Martin Iti

Personal information
- Born: 28 February 1983 (age 42) Sydney, New South Wales
- Nationality: New Zealand / Australian
- Listed height: 210 cm (6 ft 11 in)
- Listed weight: 110 kg (243 lb)

Career information
- High school: Winchendon Prep (Winchendon, Massachusetts) Mount Zion Christian Academy (Durham, North Carolina)
- College: Charlotte (2003–2005) New Mexico State (2006–2008)
- NBA draft: 2008: undrafted
- Playing career: 2008–2015
- Position: Center

Career history
- 2008–2009: Rotterdam Challengers
- 2010–2011: Southland Sharks
- 2011–2012: Sydney Kings
- 2012: Wellington Saints
- 2013–2014: Ipswich Force
- 2015: Brisbane Spartans

Career highlights
- NZNBL Rookie of the Year (2010);

= Martin Iti =

New Zealand-Australian basketball player

Martin Asapa Iti (born 28 February 1983) is a New Zealand-Australian professional basketball player who last played for the Brisbane Spartans of the South East Australian Basketball League (SEABL). As a high school senior at Mount Zion Christian Academy, Iti was rated as the No. 8 high school recruit in the nation and the No. 1 high school centre in the country. He played college basketball for the University of North Carolina at Charlotte and New Mexico State University.

==Professional career==
In September 2008, Iti signed with the Rotterdam Challengers of the Netherlands for the 2008–09 season. In 32 games for Rotterdam, he averaged 6.7 points, 4.7 rebounds and 1.0 blocks per game.

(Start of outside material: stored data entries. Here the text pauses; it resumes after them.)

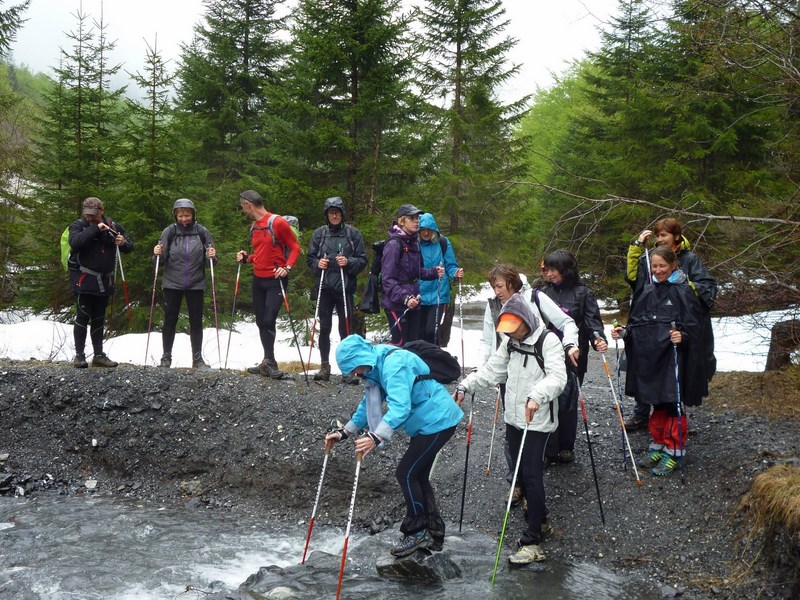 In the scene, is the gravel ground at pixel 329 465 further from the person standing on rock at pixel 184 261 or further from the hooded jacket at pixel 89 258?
the hooded jacket at pixel 89 258

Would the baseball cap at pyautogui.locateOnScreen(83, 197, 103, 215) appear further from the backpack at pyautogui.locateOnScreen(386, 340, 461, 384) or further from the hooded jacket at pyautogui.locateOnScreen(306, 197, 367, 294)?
the backpack at pyautogui.locateOnScreen(386, 340, 461, 384)

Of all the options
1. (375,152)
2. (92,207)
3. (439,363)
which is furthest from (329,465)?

In February 2010, Iti signed with the Southland Sharks for the 2010 New Zealand NBL season. He went on to earn league Rookie of the Year honours. In December 2010, he re-signed with the Sharks for the 2011 season.

In August 2011, Iti signed with the Sydney Kings for the 2011–12 NBL season. In 16 games for the Kings, he averaged 0.6 points and 0.8 rebounds per game.

In December 2011, Iti signed with the Wellington Saints for the 2012 New Zealand NBL season.

In February 2013, Iti signed with the Ipswich Force for the 2013 Queensland Basketball League season. He returned to the Force for the 2014 season.

In March 2015, Iti signed with the Brisbane Spartans for the 2015 SEABL season. In 17 games for the Spartans, he averaged 4.2 points and 5.5 rebounds per game.